O índice crioscópico (que avalia a quantidade de água no leite), aceitável varia de -0,530 a -0,550 graus, porém o apresentado nas duas amostras colhidas da Koppenhagen foi de -0,522 graus. Amostras do leite Lacto Bom também foram avaliadas na contraprova, mas apresentaram índices permitidos de água em sua composição.
De acordo com o coordenador do Procon, Otto Reis Filho, com base nessa constatação técnica, a empresa poderá ser multada. Os valores arbitrados da multa observam a capacidade econômica da empresa e os prejuízos causados. Ele acrescenta que conforme o artigo 57 do Código de Defesa do Consumidor, a multa pode variar de 200 a 3 milhões de Ufir.
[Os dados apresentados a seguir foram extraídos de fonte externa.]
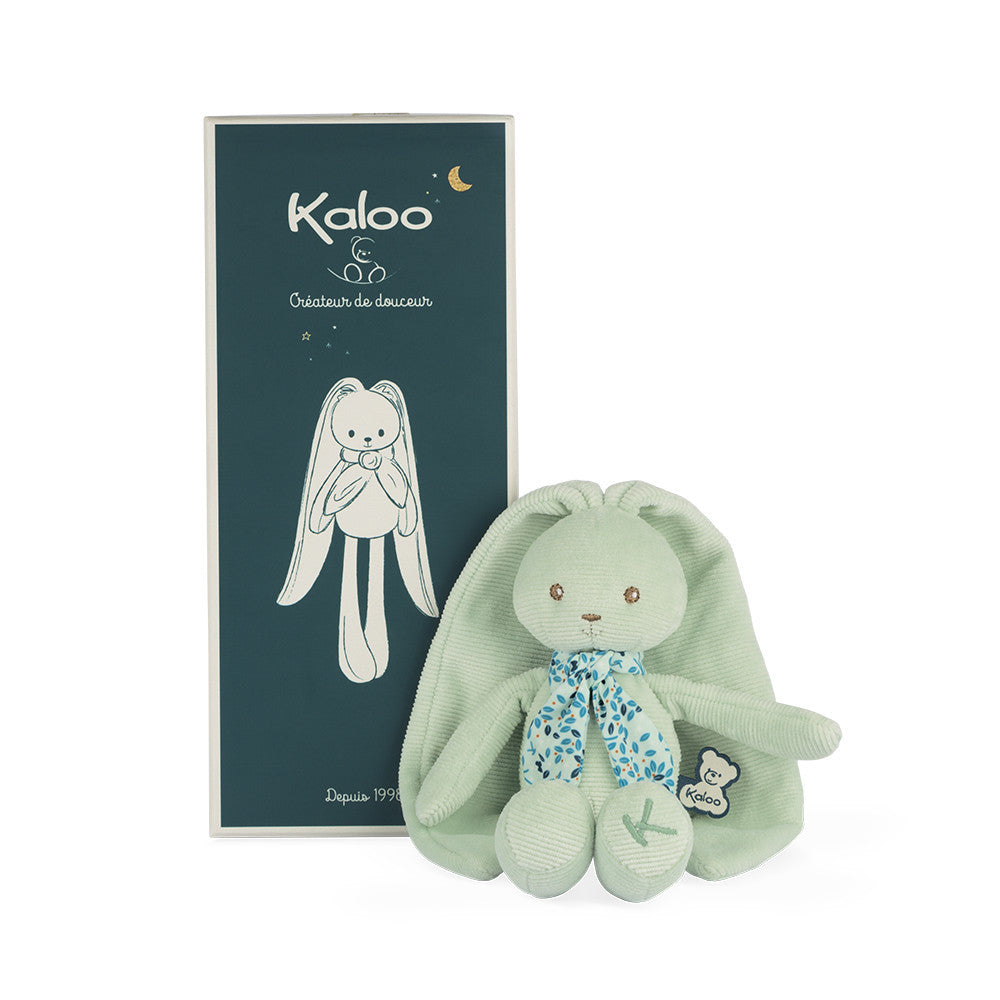 Lapinoo - Doll Rabbit Aqua - Small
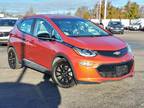 2020 Chevrolet Bolt Ev LT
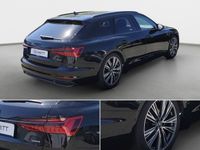 Audi A6 - Vorschau Bild 25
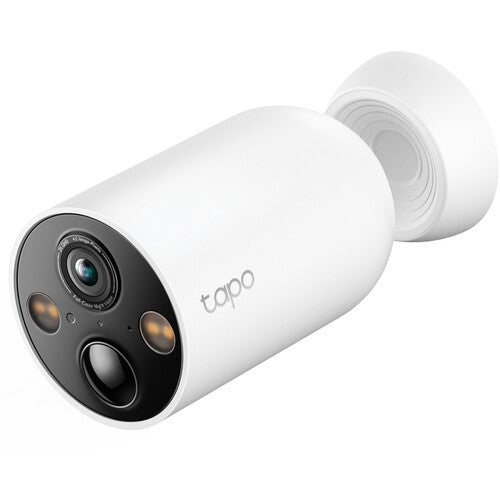 TP-Link Tapo C425 Cámara de Seguridad Inalámbrica 2560x1440 150° Visión Nocturna
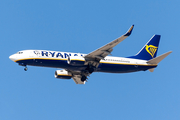 Malta Air (Ryanair) Boeing 737-8AS (9H-QDK) at  Luqa - Malta International, Malta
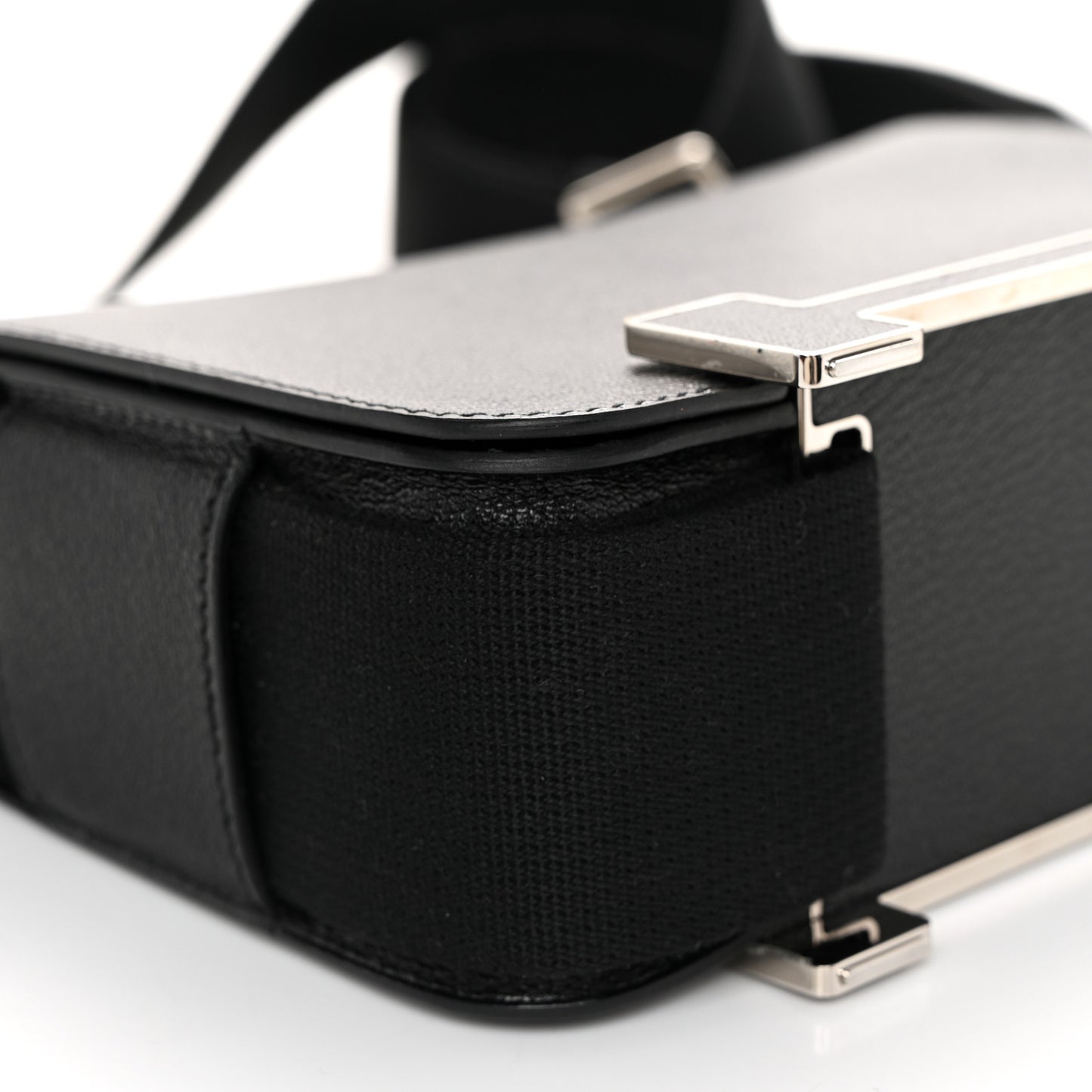 Chevre Mysore Geta Black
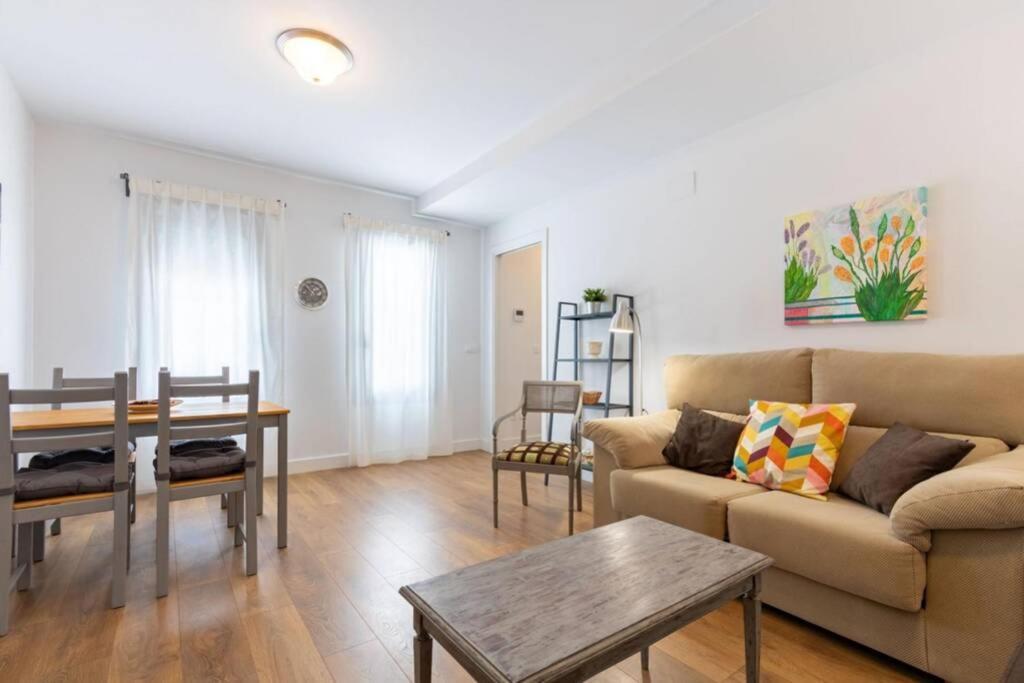 Triana Pages Oasis By Valcambre Appartement *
Além da multa, a empresa ficará obrigada a fornecer ao Procon, um laudo semanal sobre as condições técnicas dos lotes colocados à venda com a marca onde constatou-se o problema. Segundo o coordenador do Procon, os leites da empresa não serão apreendidos pelo órgão, já que o índice não oferece riscos à saúde.
A empresa alega que a quantidade de água acima do permitido ocorreu devido à alimentação do rebanho nesta época do ano, quando aumenta o consumo de aveia. O proprietário Leônidas Fagundes Júnior garante que a alimentação já foi modificada e que a qualidade do leite não está comprometida.